Maximize Heat Recovery Ventilator Performance With These 5 Operating Tips
Your heat recovery ventilator serves to remove stale, polluted air from your home and replace it with fresh air from the outside. Thanks to the heat recovery feature, you enjoy fresh, clean air in your home without the high utility bills associated with leaky homes. Here are five operating tips to help you maximize the performance of your newly installed heat recovery ventilator.
Use low-speed operation when appropriate: If your home is tightly sealed, you should plan to run your heat recovery ventilator on low year-round.
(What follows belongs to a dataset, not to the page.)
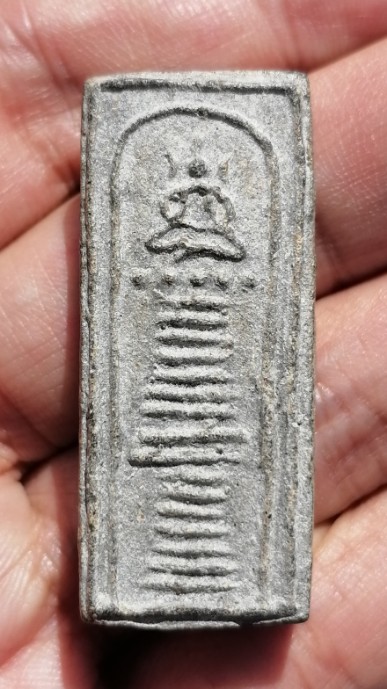 พระสมเด็จพิมพ์ไพ่ตอง ฐาน 16 ชั้น 5 จุด หลวงพ่อพริ้ง วัดบางปะกอก เนื้อผงใบลาน แห้งๆ เคาะเดียว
This ensures that pollution is pulled out and replaced with fresh air continually.
Consider intermittent exchange mode in some cases: You may choose to run your heat recovery ventilator intermittently with this function if pollution sources are low, if your home isn’t tightly sealed, or if you are away from home for days at a time.
Use the high-speed setting when needed: There may be a sensor on your heat recovery ventilator that automatically switches it to a high-speed setting when the pollution concentration increases. This can occur if you are painting or cleaning with household chemicals. You can also choose to turn up the setting manually if the house is filled with people or seems odorous.
Set the heat recovery ventilator to circulation mode when you need to: This circulates air around the home without exchanging it with outdoor air. If something outside prevents you from wanting to circulate the air into your home, this setting can be quite useful.
Pay attention to the maintenance light: Your heat recovery ventilator has a filter that needs to be changed periodically. Many models alert you of this when the time comes. Sometimes, the maintenance light comes on if something more serious needs to be addressed as well. Call a technician if changing the filter doesn’t cause the maintenance light to turn back off.